Libreville, Mercredi 05 Août 2026 (Infos Gabon) – À Port-Gentil, la question de l’eau potable n’est plus seulement celle d’un service public à améliorer. Elle devient une condition de stabilité urbaine et de développement économique.

La présentation, mardi 4 août 2026, d’un vaste projet destiné à renforcer durablement l’alimentation en eau de la capitale économique gabonaise marque ainsi une étape importante dans une ville qui demeure confrontée à la fragilité de ses infrastructures essentielles.

Reçu par le maire Pascal Houangni Ambouroue, une délégation du ministère de l’Accès universel à l’Eau et à l’Énergie, conduite par le directeur général de l’Eau Sidney Boris Mambari, a présenté les grandes lignes de l’opération, en présence notamment de Luc-Thomas Tsioba, délégué régional de la SEEG, et des responsables d’ENTA International, appelée à intervenir dans la réalisation du projet.

L’ambition affichée est considérable. Les nouvelles installations doivent permettre d’atteindre une production quotidienne de 50 000 m³ d’eau potable, alors que la demande actuelle est estimée à 35 000 m³. Le différentiel attendu ne serait donc pas marginal. Il doit permettre de couvrir les besoins actuels tout en créant une marge indispensable pour accompagner la croissance de la ville.

Le calendrier, lui, impose désormais de passer des annonces à l’exécution. Les prochaines semaines seront consacrées aux études techniques préalables. Le démarrage des travaux est annoncé pour janvier 2027, pour une durée prévisionnelle de vingt-quatre mois. Deux nouveaux châteaux d’eau doivent également être construits à Ntchengue et à l’aéroport afin de renforcer les capacités de stockage et la distribution.
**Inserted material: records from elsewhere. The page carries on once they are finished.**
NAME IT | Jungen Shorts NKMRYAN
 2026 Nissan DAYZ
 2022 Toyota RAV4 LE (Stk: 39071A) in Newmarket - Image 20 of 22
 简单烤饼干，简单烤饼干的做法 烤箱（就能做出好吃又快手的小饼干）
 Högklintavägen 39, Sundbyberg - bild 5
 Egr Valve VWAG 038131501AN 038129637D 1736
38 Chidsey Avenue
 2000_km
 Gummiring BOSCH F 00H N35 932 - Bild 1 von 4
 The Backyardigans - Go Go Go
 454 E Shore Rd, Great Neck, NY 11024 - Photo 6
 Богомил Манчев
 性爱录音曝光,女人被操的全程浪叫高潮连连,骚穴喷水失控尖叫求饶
L’urgence de cette modernisation apparaît d’autant plus clairement que Port-Gentil traverse régulièrement des épisodes de tension sur son réseau. La SEEG a récemment annoncé des perturbations entre août et septembre 2026 en raison de la remontée saisonnière d’eau salée dans l’Ogooué, favorisée par la baisse du niveau du fleuve et les fortes marées. Cette intrusion peut contraindre l’opérateur à interrompre ponctuellement le pompage à Mandorové pour protéger ses équipements.

Le futur projet doit donc être regardé au-delà du seul chiffre de 50 000 m³. Il s’agit de renforcer la résilience d’un système soumis à des contraintes à la fois techniques, démographiques et environnementales. Port-Gentil, deuxième pôle urbain du pays et capitale économique, ne peut durablement prétendre soutenir son activité industrielle, commerciale et résidentielle avec des infrastructures hydrauliques vulnérables.

Cette logique rejoint d’ailleurs les orientations plus larges affichées par les autorités gabonaises. Le document de planification du pays identifiait déjà l’amélioration de la desserte en eau potable de Port-Gentil comme un projet prioritaire, avec des termes de référence disponibles et une enveloppe prévisionnelle de 118 milliards de francs CFA.

Le chantier de l’eau doit également être mis en perspective avec celui de l’électricité. Les deux réseaux constituent désormais les deux faces d’une même bataille pour la modernisation de la capitale économique. Le gouvernement a annoncé, dans sa feuille de route des premiers mois de 2026, des investissements destinés notamment à renforcer l’alimentation énergétique de Port-Gentil et à améliorer la desserte de milliers de foyers.

Le véritable enjeu sera cependant la continuité du service. Produire davantage ne suffira pas si les réseaux de distribution restent défaillants, si les capacités de stockage sont insuffisantes ou si les aléas naturels continuent de perturber la production. Le projet devra donc être évalué à l’aune de sa capacité à garantir une eau disponible, régulière et de qualité dans les quartiers, et non uniquement à celle de ses infrastructures inaugurées.

Pour Port-Gentil, le rendez-vous de 2027 pourrait ainsi être décisif. Après des années où l’accès à l’eau s’est imposé comme l’un des symptômes des limites infrastructurelles de la ville, le pays dispose désormais d’une occasion de transformer une promesse technique en véritable politique de sécurité hydrique. Les populations n’attendent pas seulement 50 000 m³ supplémentaires. Elles attendent surtout que l’eau cesse d’être une incertitude quotidienne.